Speaking of marketing, that brings me to the final government effort I wanted to mention - a study being conducted by the Federal Trade Commission and the Department of Justice on the marketing of violence to young people in movies, video games and recordings. The study is not looking at content, but at industry self-regulation and marketing practices to answer a question put by President Clinton: are products that are intended for adults being advertised or promoted to audiences composed primarily of young people? In other words, is the entertainment industry complying with its own standards regarding who should have access to its products, or can more be done? The study got underway last June, and I understand that it may be released late this summer.
The marketing of violence to children concerns me greatly. One particular concern I have is TV wrestling, which is wildly popular with teens and younger children. And when you look at the marketing of wrestling products, it's not hard to see why. Toy companies, for instance, now make "action figures" (which is what they call "dolls" for boys) based on all the TV wrestling stars. The Steve "Stone Cold" Austin action figure comes with his own metal folding chair for hitting opponents over the head. The Rock comes with a trash can and lid to use as weapons. And the Undertaker comes with his own shovel to swing at opponents and send them "to an early grave." These dolls are marketed to children 4 years of age and up.
One has to wonder what these toy companies are thinking.
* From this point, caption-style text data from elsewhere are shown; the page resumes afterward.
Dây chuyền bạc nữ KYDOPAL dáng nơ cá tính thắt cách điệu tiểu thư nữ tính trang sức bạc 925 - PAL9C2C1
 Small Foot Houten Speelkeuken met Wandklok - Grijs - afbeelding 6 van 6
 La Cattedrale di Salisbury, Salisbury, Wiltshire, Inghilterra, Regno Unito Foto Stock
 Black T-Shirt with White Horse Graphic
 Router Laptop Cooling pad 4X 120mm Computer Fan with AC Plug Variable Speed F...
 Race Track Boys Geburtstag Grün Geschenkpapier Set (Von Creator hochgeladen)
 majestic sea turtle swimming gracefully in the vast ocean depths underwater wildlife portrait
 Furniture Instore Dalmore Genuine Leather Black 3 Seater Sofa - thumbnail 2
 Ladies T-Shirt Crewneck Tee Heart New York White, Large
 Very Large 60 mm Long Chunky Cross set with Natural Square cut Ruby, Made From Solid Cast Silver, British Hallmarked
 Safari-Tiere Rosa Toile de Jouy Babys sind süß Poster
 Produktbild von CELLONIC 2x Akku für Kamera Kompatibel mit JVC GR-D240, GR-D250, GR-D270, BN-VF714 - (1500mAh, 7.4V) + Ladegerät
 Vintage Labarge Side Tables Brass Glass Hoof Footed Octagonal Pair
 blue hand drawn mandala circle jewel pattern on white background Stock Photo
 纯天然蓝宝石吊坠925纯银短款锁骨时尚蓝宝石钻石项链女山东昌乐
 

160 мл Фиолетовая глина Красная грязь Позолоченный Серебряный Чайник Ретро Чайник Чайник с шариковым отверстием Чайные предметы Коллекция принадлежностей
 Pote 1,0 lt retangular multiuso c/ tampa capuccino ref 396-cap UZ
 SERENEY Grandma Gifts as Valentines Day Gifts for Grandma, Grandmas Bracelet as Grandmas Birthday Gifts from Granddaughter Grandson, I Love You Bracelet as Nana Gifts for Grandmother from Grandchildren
It's not like the metal chair permits the child to use his or her imagination. Its sole purpose is to permit a child to imitate TV wrestlers by hitting another action figure over the head. As one educator put it, "If kids are saturated with media violence and they're given toys that are linked to that violence, then that's going to dictate their play."
This danger was tragically demonstrated by an event in Dallas, Texas last May. A 7-year-old boy killed his 3-year-old brother by copying a wrestling move he saw on TV. According to the police, the older boy slammed his little brother to the floor with a running straight-armed punch to the neck, a move called a "clothesline" in the wrestling world. Asked to show what he had done, the boy ran at a life-size doll from about ten feet away. As he got close to the doll, he stuck out his arm at shoulder-height and struck the doll in the neck, knocking it backwards. The 3-year-old boy died from brain swelling caused by his head striking the carpeted concrete floor. The 7-year-old was devastated, crying to the police that he didn't mean to hurt his brother.
I've heard from many parents - some with children as young as 3 - worried about the levels of sex and violence on TV wrestling. I can't blame them. I look at the huge ratings for wrestling. I look at the fact that it often airs early in prime time, when lots of children are watching. I look at the extreme levels of violence that rarely show any real consequences (the wrestlers are always back the next week, ready for more punishment). And then I look at the marketing to young children. It's a troubling combination.
In summary, let me say that all of these efforts - from the V-Chip to the "safe harbor" approach to the voluntary code of conduct to the marketing study - are attempts to balance our concern about the negative effects of media violence on our children, and our respect for the First Amendment.
I'd like to leave you with something from this morning's New York Times and Washington Post regarding the six year-old boy who shot and killed six year-old Kayla Rolland. The prosecutor was discussing how the little boy was incapable of forming an intent to shoot his classmate: "Especially after the detectives say that he has not appreciated what has happened, that he takes this as, well, this is something that happens like on television."